INSTRUCTIONS FOR THE TASK
Nothing below is to be printed except the lines between the line holding "クリスマスマグカップ，サンタ，メリークリスマスヴィンテージ ボーンチャイナマグカップ (裏面)" and the line holding "暗いオフィスの机の上で、画面", inclusive, each exactly as it appears.

RECORD EXCERPTS

________________________

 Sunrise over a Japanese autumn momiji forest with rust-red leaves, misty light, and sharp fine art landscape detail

________________________

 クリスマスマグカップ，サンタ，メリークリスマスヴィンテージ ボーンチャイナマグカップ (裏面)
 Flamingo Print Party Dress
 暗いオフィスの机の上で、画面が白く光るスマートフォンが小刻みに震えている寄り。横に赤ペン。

________________________

OUTPUT
 クリスマスマグカップ，サンタ，メリークリスマスヴィンテージ ボーンチャイナマグカップ (裏面)
 Flamingo Print Party Dress
 暗いオフィスの机の上で、画面が白く光るスマートフォンが小刻みに震えている寄り。横に赤ペン。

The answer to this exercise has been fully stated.